What you have to do: All the data that follows should be repeated exactly, without a single picture.

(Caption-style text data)
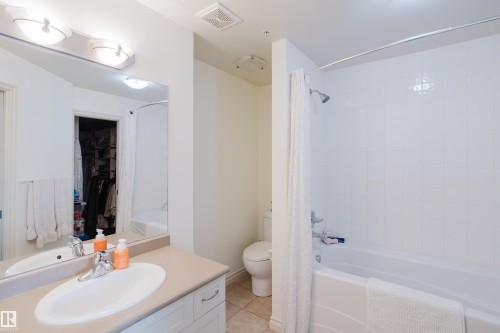 The property features a bathroom with a vanity, an integrated sink, and a mirror with overhead lighting - 206 10108 125 Street, Edmonton, AB - Indoor Photo Showing Bathroom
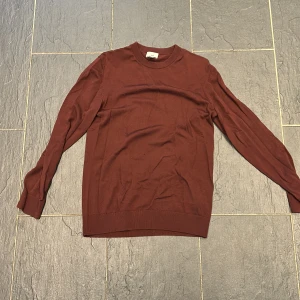Vinröd tröja från H&M - Säljer en vinröd långärmad tröja från H&M i slim fit-modell. Tröjan har rund halsringning och är tillverkad i ett mjukt material som passar perfekt för lager-på-lager. Enkel och stilren design.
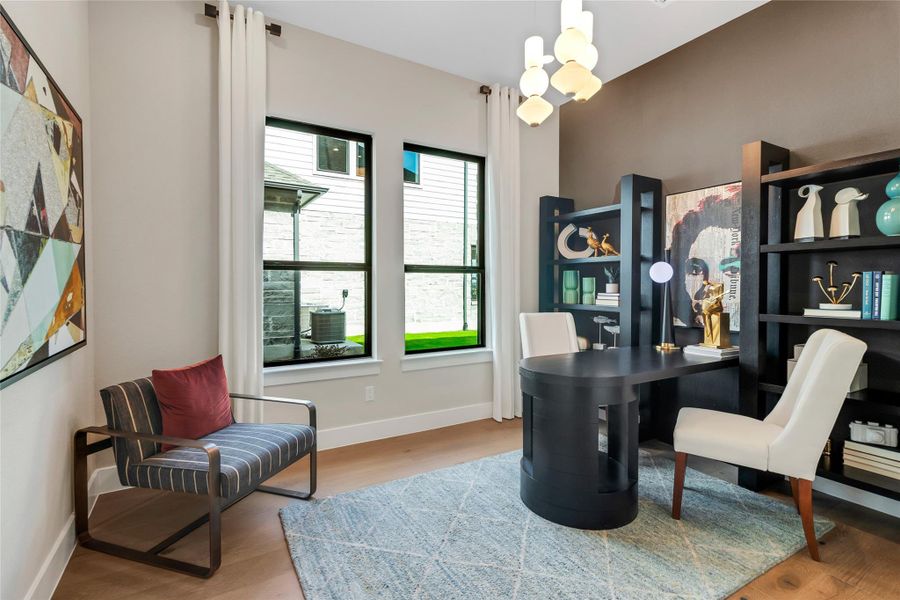 Office with wood finished floors and a chandelier Office with wood finished floors and a chandelier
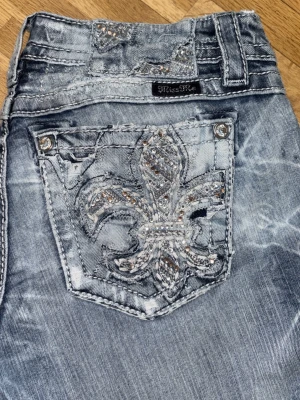 Miss Me ljusblå jeans med strass - Säljer ett par ljusblå jeans från Miss Me med snyggt slitna detaljer och en stor strassutsmyckad lilja på bakfickan. Jeansen är bootcut  och coola dekorsömmar. Perfekta för dig som gillar statement-plagg och bling! De är upp sydda så perfekt för dig som är 160 och under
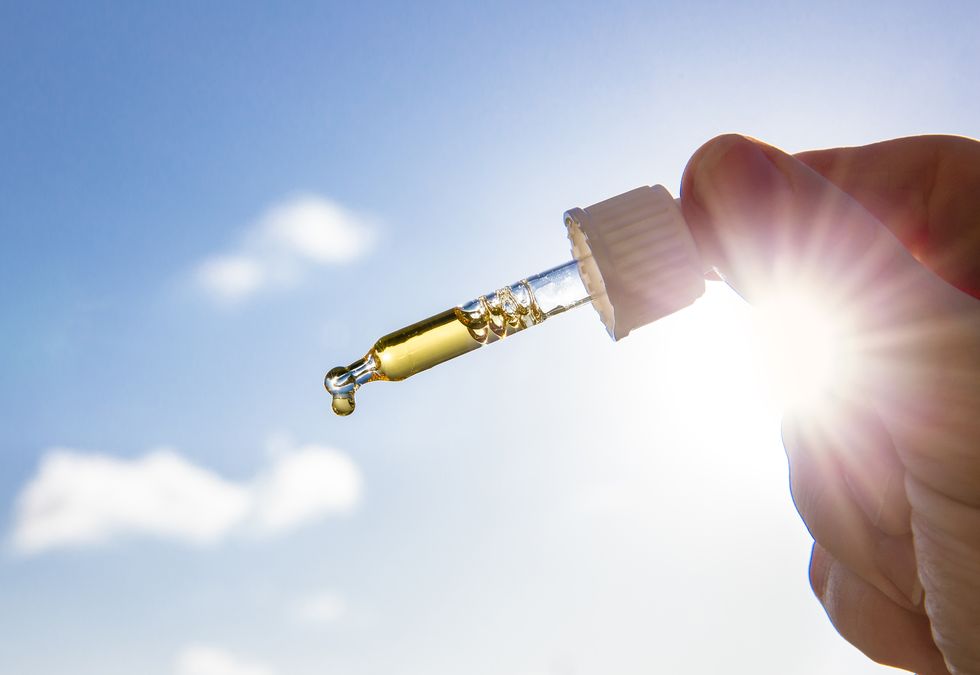 hand holding dropper pipette with nice golden liquid d vitamin against sun and blue sky on sunny day vitamin d keeps you healthy while lack of sun in winter, cure concept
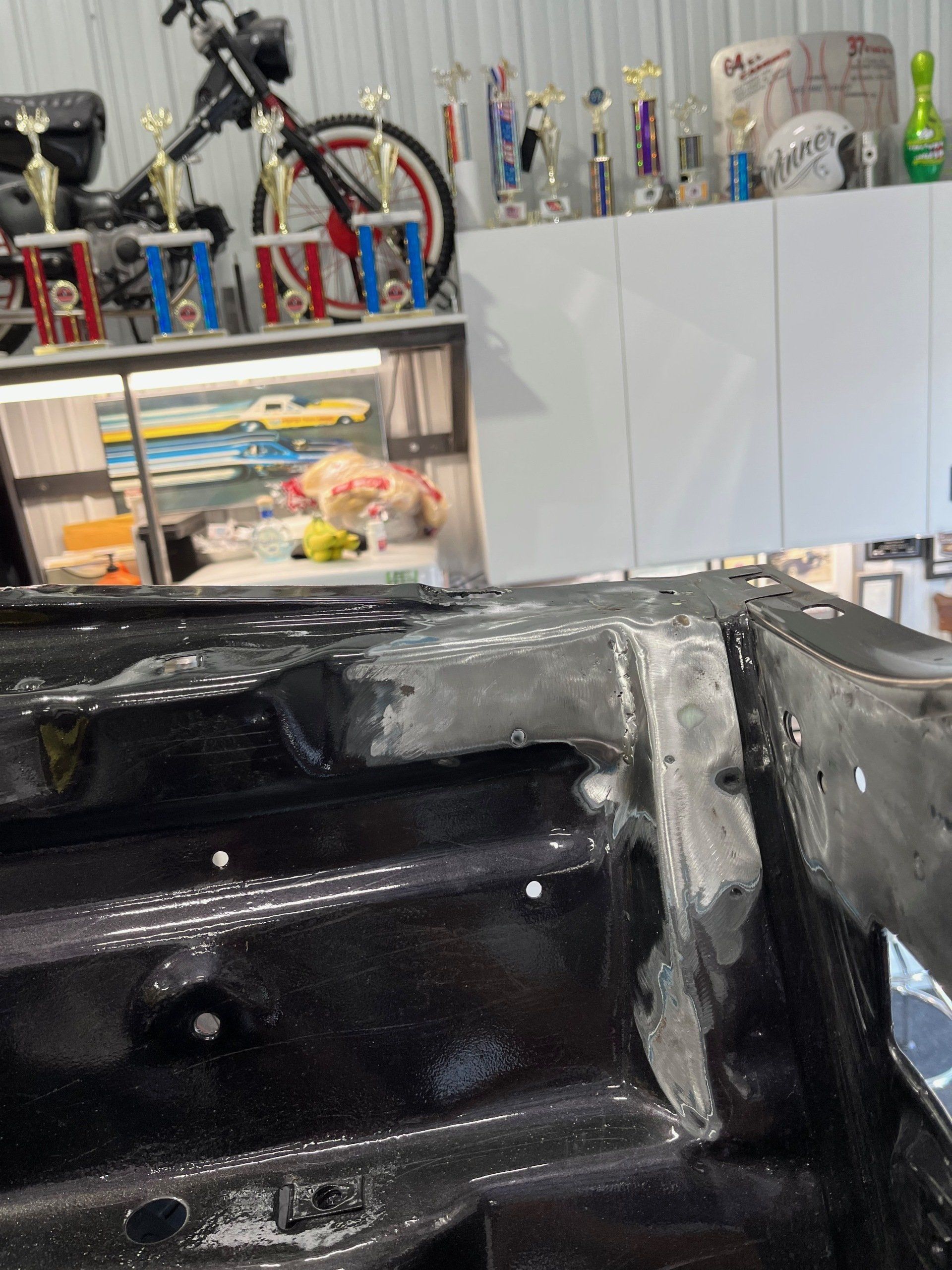 A bicycle is sitting on a shelf with trophies on it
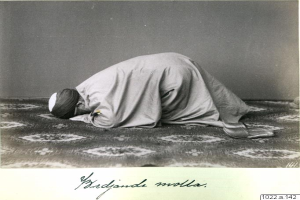 Ein altes Schwarz-Weiß-Foto eines Mannes im Gebet, der ein Tuch und eine Kappe trägt, mit der Inschrift "Bredjande Molla, die erste muslimische Frau der Welt" unten.
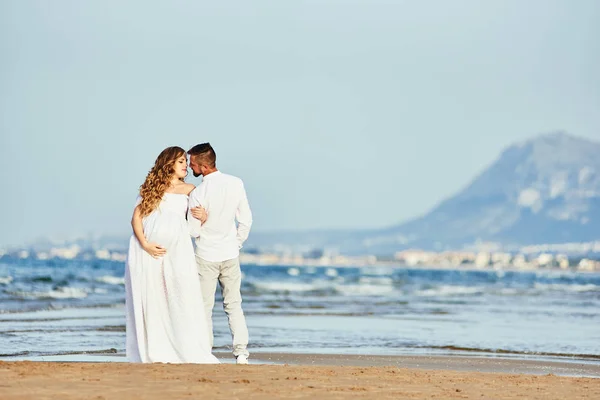 Молода вагітна жінка позує зі своїм чоловіком на пляжі — стокове фото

Answer to the problem:
 The property features a bathroom with a vanity, an integrated sink, and a mirror with overhead lighting - 206 10108 125 Street, Edmonton, AB - Indoor Photo Showing Bathroom
Vinröd tröja från H&M - Säljer en vinröd långärmad tröja från H&M i slim fit-modell. Tröjan har rund halsringning och är tillverkad i ett mjukt material som passar perfekt för lager-på-lager. Enkel och stilren design.
 Office with wood finished floors and a chandelier Office with wood finished floors and a chandelier
 Miss Me ljusblå jeans med strass - Säljer ett par ljusblå jeans från Miss Me med snyggt slitna detaljer och en stor strassutsmyckad lilja på bakfickan. Jeansen är bootcut  och coola dekorsömmar. Perfekta för dig som gillar statement-plagg och bling! De är upp sydda så perfekt för dig som är 160 och under
 hand holding dropper pipette with nice golden liquid d vitamin against sun and blue sky on sunny day vitamin d keeps you healthy while lack of sun in winter, cure concept
 A bicycle is sitting on a shelf with trophies on it
 Ein altes Schwarz-Weiß-Foto eines Mannes im Gebet, der ein Tuch und eine Kappe trägt, mit der Inschrift "Bredjande Molla, die erste muslimische Frau der Welt" unten.
 Молода вагітна жінка позує зі своїм чоловіком на пляжі — стокове фото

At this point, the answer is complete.